It's just a tool like any other. The big-name recording industry completely abuses and sanitizes every track with endless re-takes, splices, effects, equalization, compression, etc., etc., this is just another way to make the tracks squeaky-clean, bland, and lifeless! If you like that "well-produced" sound this should be no problem.
I love this quote from a producer: "It's satanic.. Digital vocal tuning is contributing to the Milli Vanilli-fication of pop music. It's a shame that people just do it by rote.
Uhm, dude, the whole recording industry is satanic .. have you bought any
records lately? MilliVanilli-fication is the norm! I think if fans knew just
how awful most performers are without the technology, they'd wonder why the engineers name isn't on the front of the album!

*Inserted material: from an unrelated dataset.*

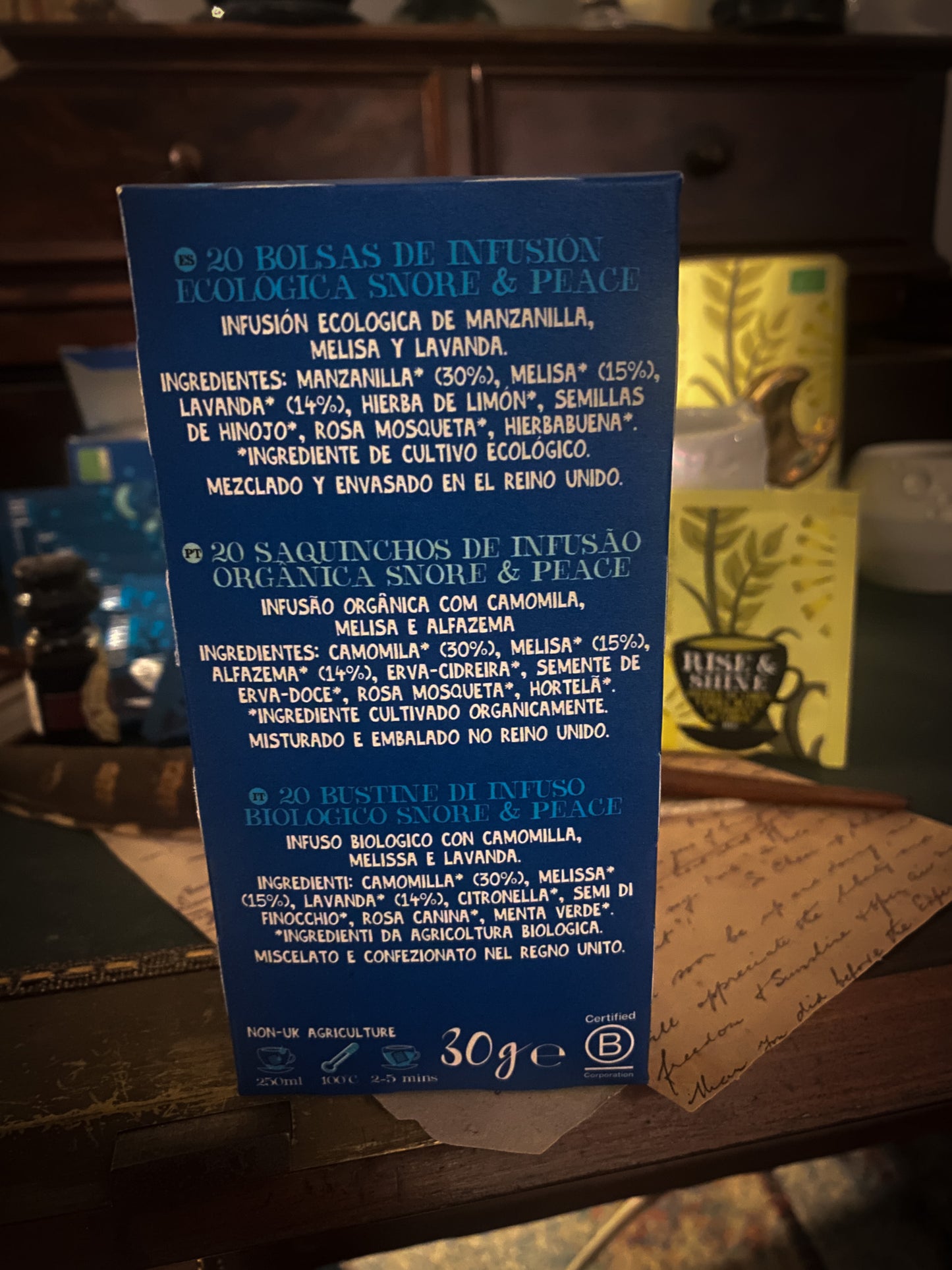 Un momento di relax con una tazza di tisana Cupper, circondata da pacchetti di tè vari assortiti, sullo sfondo di un'ambientazione accogliente con note scritte a mano e una penna stilografica, invitando a una pausa rilassante.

PS: "Perfect pitch" to me means "being able to identify notes by ear without a reference" rather than "being able to sing on-key" (though I guess the two usually go together).
If you're going to an arena show to see a display of musicianship, expect to be disappointed.
If you just want to turn off your brain and have fun, then you will be right at home, because this is exactly what that kind of music is crafted for.
Yeah, but they had to rely on tape - which broke in the middle of one of their 'concerts' giving away their secret. This is a device that can make my dying cat sound like Celine Dion.
oh wait...
"A revolution without dancing is... a revolution not worth having"
should be to completely silence Britney Spears. I only wanna see her, not hear her!
Attention all planets of the Solar Federation! We have assumed control! - Neil Peart
Just thought I'd mention that my shower seems to have a similar effect and the cost is zero since I need an apartment anyway! Add the cost of water and I have a make-shift autotuner for about twenty-five cents an hour....
There's plenty of good music that comes from people who can't sing. I can imagine technology like this greatly improving the diversity of music because now people who can't sing well naturally can still make good music.
I'd much rather listen to someone using one of these with original, creative music than listen to someone with great singing talent, but singing crappy cookie-cutter music.
So let's start putting this in the hands of the creative people who can't sing.
if(!cool) exit(-1);
They have perfect pitch.. ALL of them... I believe it has something to do with how their language is spoken.
Anyone who thinks that notes can and should be limited to the 12 chromatic pitches of the equal-tempered music system is full of crap. Read a good book on the history of tuning systems. I can detect an autotune-processed track within seconds of hearing it, due to the utter piano-like lack of pitch sensitivity and expression.
The saddest of sad is when you hear autotune processing on the voice of an artist who understands how to use the many subtleties of pitch, yet bows to the record company execs by submitting to the autotuner.
Autotuners have been around and in use for a few years now. Aside from the obvious use of being able to correct pitch on a performance, they also have other uses.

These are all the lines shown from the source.